◆ **Exercise instructions**
Make an exact copy, from the records below, of the lines from the line containing "Автокресло maxi cosi cabriofix 0+" to the line containing "5TDLZRAH0NS108697 2022 2022", both lines included, excluding pictures.

◆ **Input data**
........

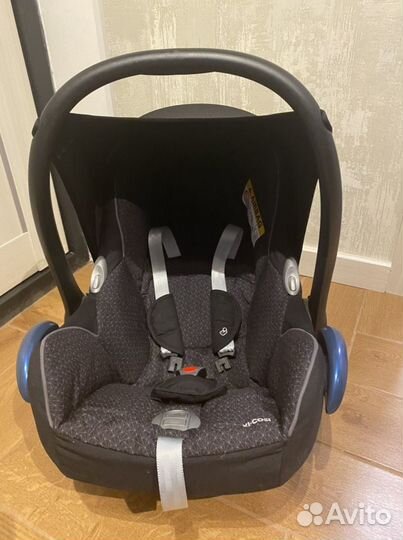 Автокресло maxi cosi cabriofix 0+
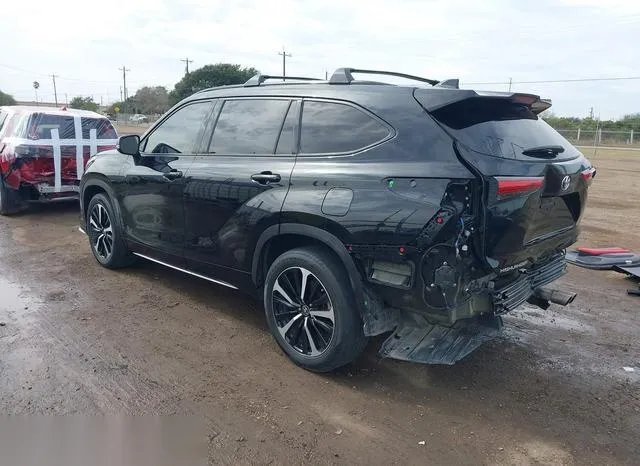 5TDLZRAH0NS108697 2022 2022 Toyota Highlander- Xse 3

........

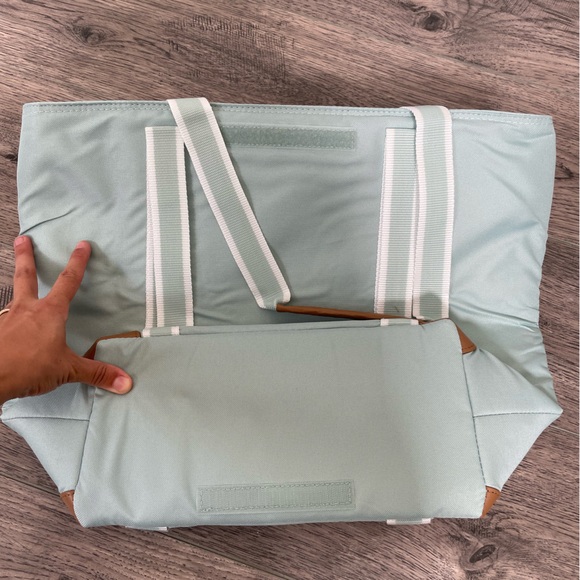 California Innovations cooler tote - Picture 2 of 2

........

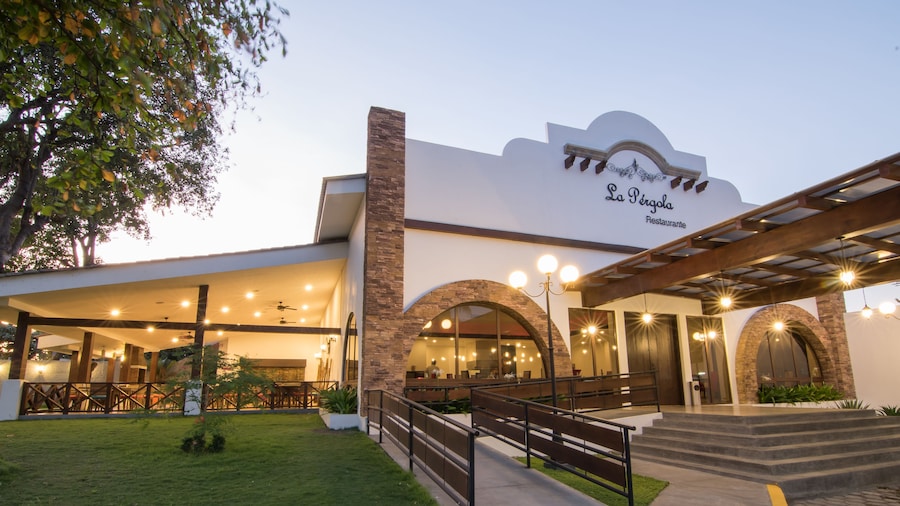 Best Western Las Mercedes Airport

........

◆ **Completed task**
 Автокресло maxi cosi cabriofix 0+
 5TDLZRAH0NS108697 2022 2022 Toyota Highlander- Xse 3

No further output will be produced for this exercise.